Demmel_Yelick_Buluc_hw3 (a folder)
|--source files
|--Makefile
|--report.pdf
|--members.txt
|--bonus (a folder, optional--only include if you have code for the extra credit parts)
Report
The report should consist of the following points.
- Graphs and discussion of the scaling experiments listed above.
- Describe your implementation--how is your hash table organized? What data structures do you use?
- Any optimizations you tried and how they impacted performance.
- A discussion of how using UPC++ implemented your design choices. How might you have implemented this if you were using MPI? If you were using OpenMP?
Extra Credit
Include an Extra Credit section in your report if you complete any extra credit items. If you choose to finish extra credit problems which have code associated, include the code in a bonus
folder in your submission tarball.
Short Answer - Contig F Extensions
What if we did not have the base F marking the beginning and end of contigs? Suppose instead we had a random base as an extension whose corresponding k-mer did not exist in the dataset. How would this affect the contig generation algorithm? How would it affect your implementation?
Short Answer - Load Balancing
Suppose start k-mers are unevenly distributed throughout the dataset, and this creates a load balancing problem. How might you deal with this?

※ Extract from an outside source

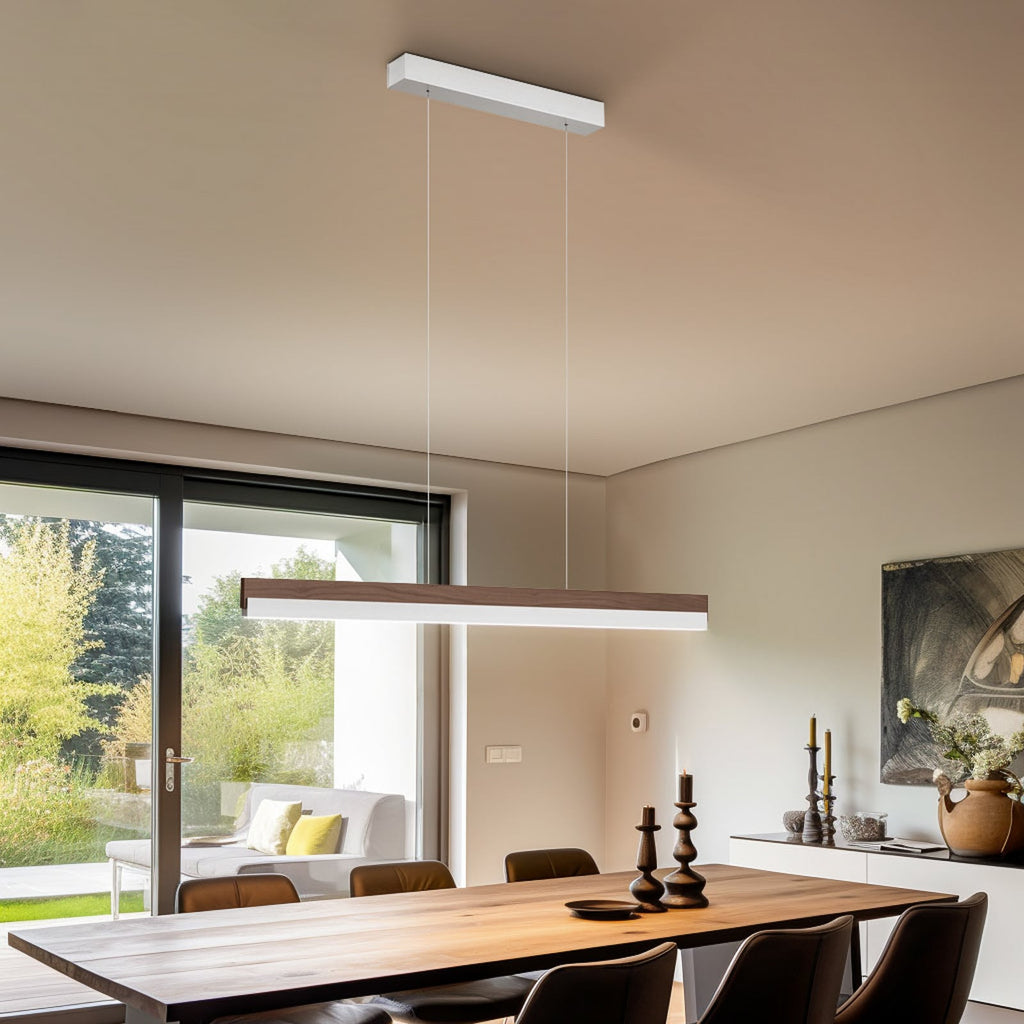 LED pendellampe Keijo valnøtt/matt nikkel 103 cm bakside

Short Answer - Parallelizability of Graph Traversal
Suppose that the underlying de Bruijn graph consists of p connected components (p is the number of processors) whose length (number of vertices) follows a power law distribution. How well does your parallel code perform on this input? Can you do better (algorithmically)? What if it consists of a single connected component?
Experiment - KNL
Recompile your code for Cori Phase II, which has Intel Xeon Phi KNL processors, and run your scaling experiments again. How does the performance compare to that on Cori Phase I, which has Intel Haswell processors? How might your results be influenced by the CPUs or the networking hardware?
Experiment - RPC Hash Table
It's possible to implement a very trivial hash table in UPC++ which uses remote procedure calls to trigger an insert()
or find()
operation in a local std::unordered_map
on a remote process. Implement this. How do the results compare to the hash table that you implemented? Discuss why the performance is or is not different. Does the way you're using the network affect your results? Any differences on Cori Phase II, which has Intel Xeon Phi KNL processors?
Resources
UPC++
- First, we recommend you look at the UPC++ Programmer's Guide.

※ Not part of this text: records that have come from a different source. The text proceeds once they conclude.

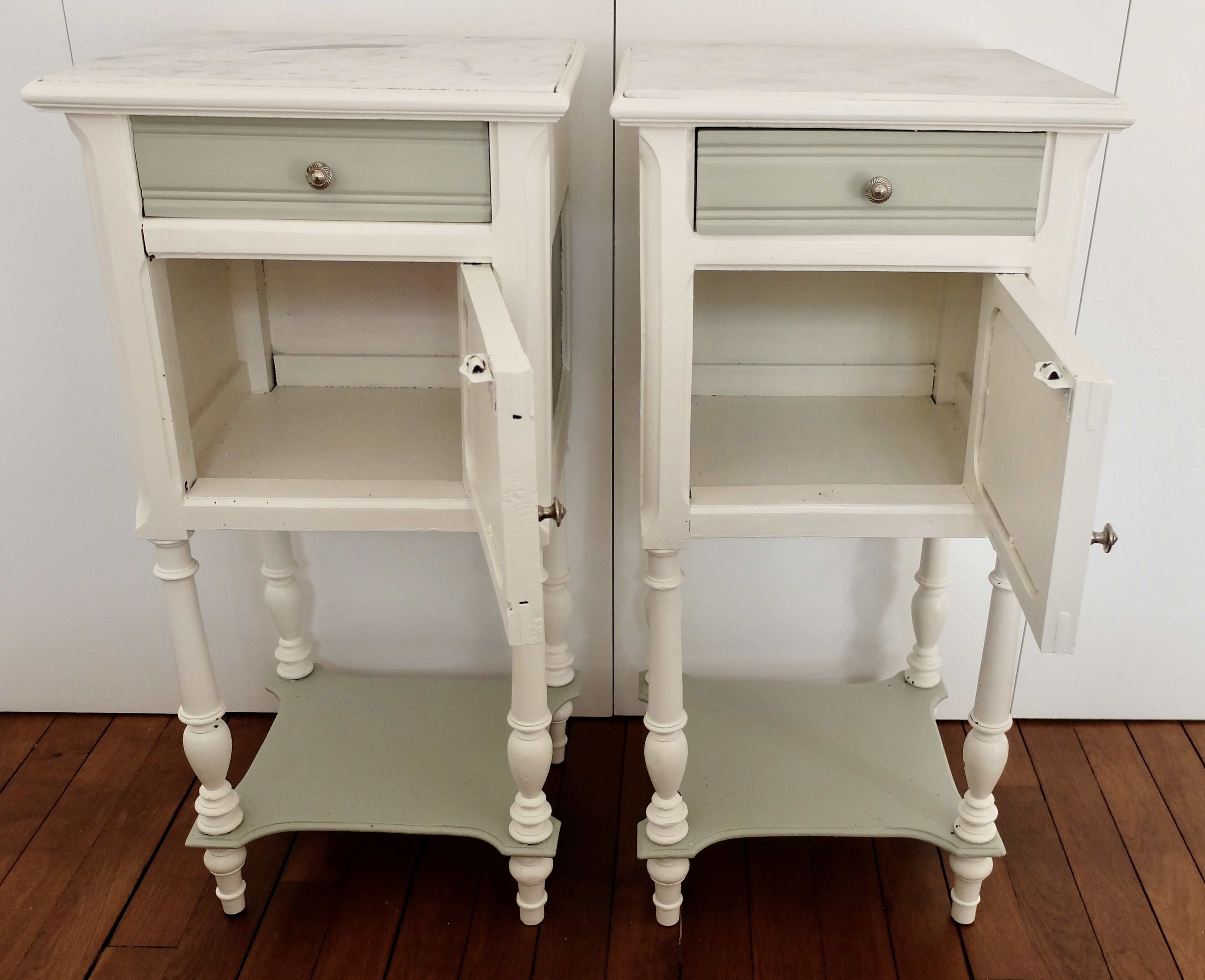 Bedside tables marble wood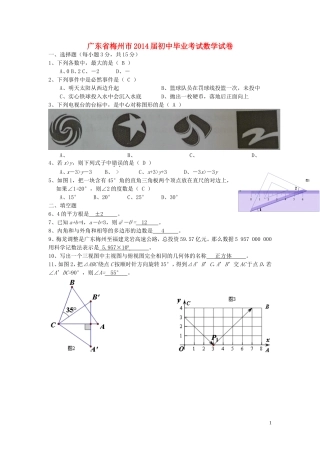 广东省梅州市2014年中考数学真题试题（含答案）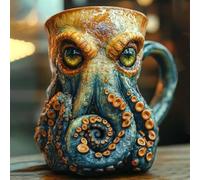 EDXTNKQC Art Statue - Octopus Coffee Mugs, Oceans Creature Octopus Mug, Funny Ceramic Cup, Devil Octopus Resin Wine Glass, Large Capacity Whiskey Glass(B)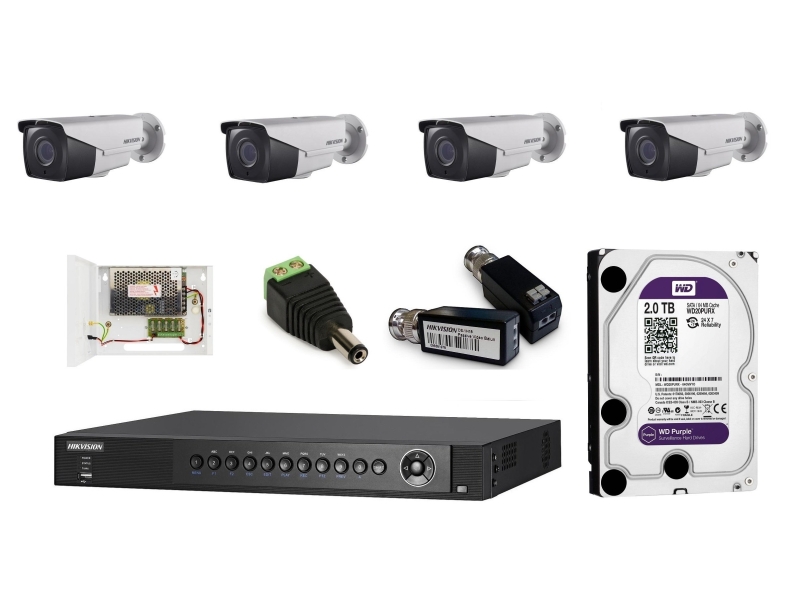 DS-2CE16H1T-IT3Z analogowy kompletny zestaw na 4 kamery tubowe Hikvision 5Mpx. Do monitorowania poczekalni i gabinetów.
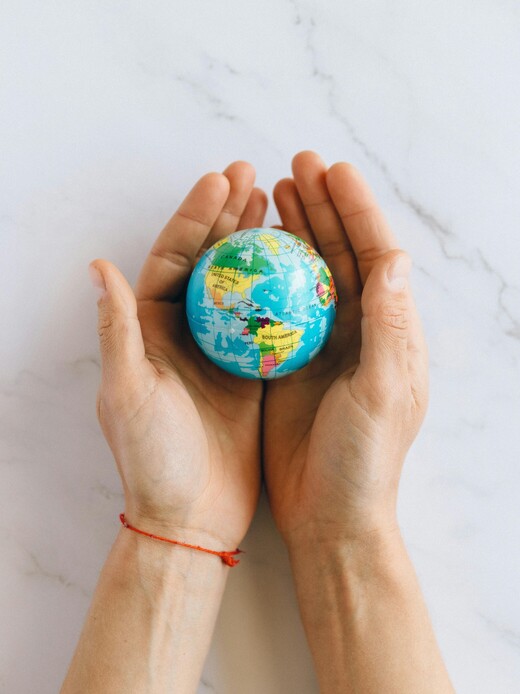 Image showing globe in hand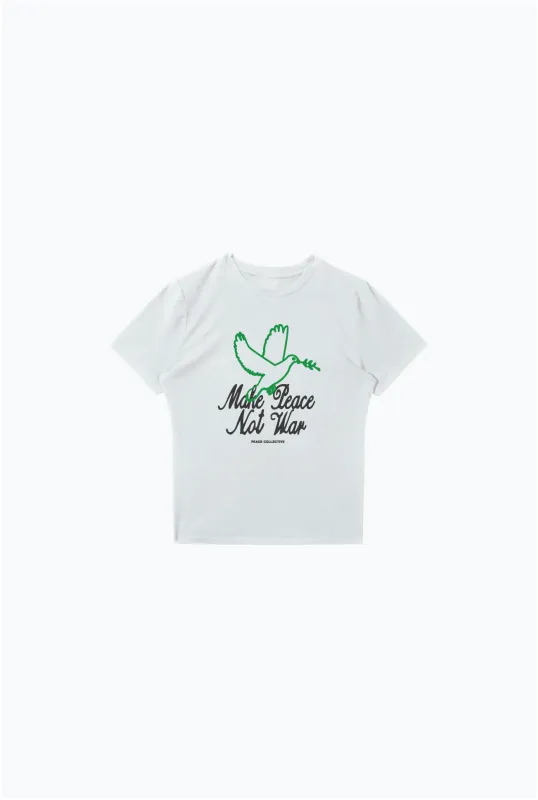 Make Peace, Not War Baby Tee - White sold by Peace-Collective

- For more niche usage, the UPC++ Specification is also useful.
- CS 267 Lecture Notes on PGAS Languages and UPC++.
- For UPC++-specific questions and problems, try the UPC++ Google Group.
Genome Assembly
- For general information about Evangelos Georganas' work on parallel genome assembly, upon which this homework is based, the first few chapters of his thesis are excellent.

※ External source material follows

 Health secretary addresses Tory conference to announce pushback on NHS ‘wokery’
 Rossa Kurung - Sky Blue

- For information about the production version of this phase of the genome assembly pipeline, see this SC14 paper.
Parallel Programming Languages
- You can read a high-level overview of UPC++ in this extended abstract.
- Titanium, UPC, and UPC++ are all parallel languages developed here in Berkeley.
- I find this early paper on Titanium quite interesting, as there are a lot of pioneering features for such an early project. Smart pointers, in distributed memory, in 1998!
References
[1] Jarrod A. Chapman, Isaac Ho, Sirisha Sunkara, Shujun Luo, Gary P. Schroth, and Daniel S. Rokhsar. Meraculous: De novo genome assembly with short paired-end reads. PLoS ONE, 6(8):e23501, 08 2011.